Allowing users to input GPG/PGP fingerprints in "To:", "CC:" and "BCC:" fields seems like a good idea -- the work-flow of using GPG/PGP of a new contact instantly simplifies to:

  • just input the fingerprint into one of these fields, all the rest will happen under the hood;
  • in case there are several identities under this given fingerprint, just let user choose.

This also offers instant verification of the key -- the user has to input the fingerprint, hence we can already be sure that the fingerprint is correct (assuming the user got the fingerprint from a verified source), instead of requiring the user to input the e-mail address and then verify the fingerprint additionally.

Broader context and rationale are also available.

Discussion

  • Sounds nice :-)

    One thing to cover is backward compatibility. For existing V4 keys (which is the majority) you can extract the key Id easily from the fingerprint and then download the key if it is not available locally. However, this is NOT possible for older V3 keys, some of which are still in use. Key Id and fingerprint aren't related and you're stuck.

     
  • rysiek
    rysiek
    2013-12-28

    Are v3 and v4 fingerprints easily distinguishable? If so, when the data turns out to be a v3 fingerprint, just ask the user to give the e-mail address, too. Then (in the background) download the key(s) associated with the e-mail address from a keyserver, verify if the fingerprint matches.
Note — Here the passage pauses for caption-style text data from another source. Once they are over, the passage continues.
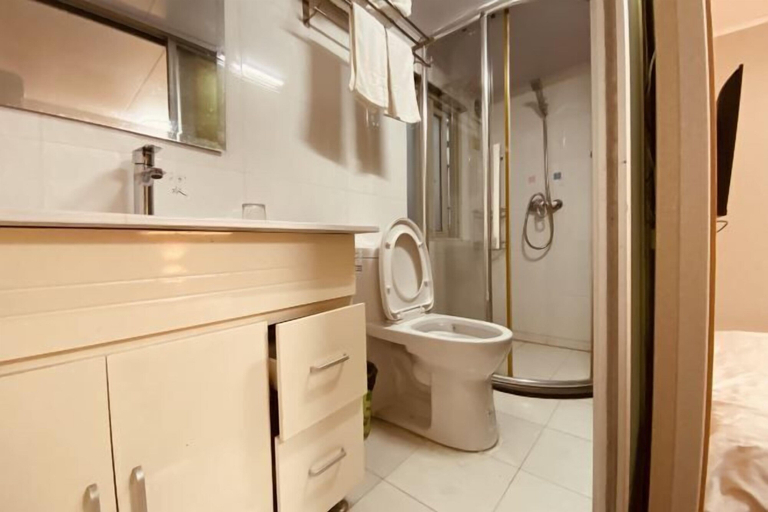 Bathroom 3, Yadu Hotel, Changzhou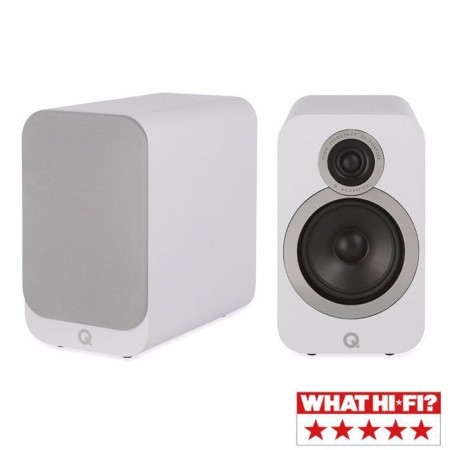 Акустика Q Acoustics Q 3020i (Arctic White)  у Львові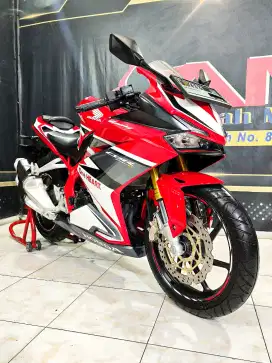 Cbr 250 Racing Red km.300perak mulus mewa 2020. Anugerah motor rungkut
    If it does, we're home; if not, inform the user of the problem.

     
  • Yes, the fingerprints differ in length: v3 are 32 hex digits and v4 are 40 hex digits.

     
  • Do I get your feature request right - your idea is roughly he following:

    1. you type a fingerprint, and Enigmail tries to match it to an existing key.
    2. If the key is not found, Enigmail tries to download it from a key server. If the key is found, Enigmail will just use it.
    3. Enigmail will sign the downloaded key, such that the key can be used.
    4. Enigmail enables encryption to the key IDs found and replaces the key IDs with the email address(es) taken from the key.
     
  • rysiek
    rysiek
    2014-04-27

    More precisely, it would be:

    1. type-in (or paste; or retrieve from a QR code reader, etc) the key fingerprint into the "To:"/"CC:"/"BCC:" fields
    2. if the key is not found, Enigmail tries to download it from a key server; if the key is found and trusted, Enigmail will use it
    3. in case the key is downloaded, or found BUT not trusted, Enigmail asks the user to confirm that the e-mail associated with the key is the one they want to send e-mail to; in case of several e-mails/identities connected to a given fingerprint, the user should be able to choose the one to be used;
    4. when the user selects/confirms the ID, Enigmail marks the key as trusted (but as minimally as possible) for future use;
    5. Enigmail enables encryption to the key ID found and replaces the key ID with the e-mail address confirmed by the user.

    The main use-case being: user gets both key AND e-mail in a single exchange, for example on a business card; if the user is instructed to use the key instead of the e-mail as an "information account number", and then are asked by Enigmail to confirm the e-mail, we can assume minimal trust has been established (as the user presumably got the business card with the data physically from the person they want to communicate with).

    By inverting the usual process (type-in key, THEN get and confirm the e-mail, instead of the other way around) we get the user to pay close attention to the more complicated (and important) part: the key; and get an easy and quite good confirmation with something easily recognizeable by the user: the e-mail address.

    This would, of course, be only an optional process -- if the user types-in the e-mail, nothing changes.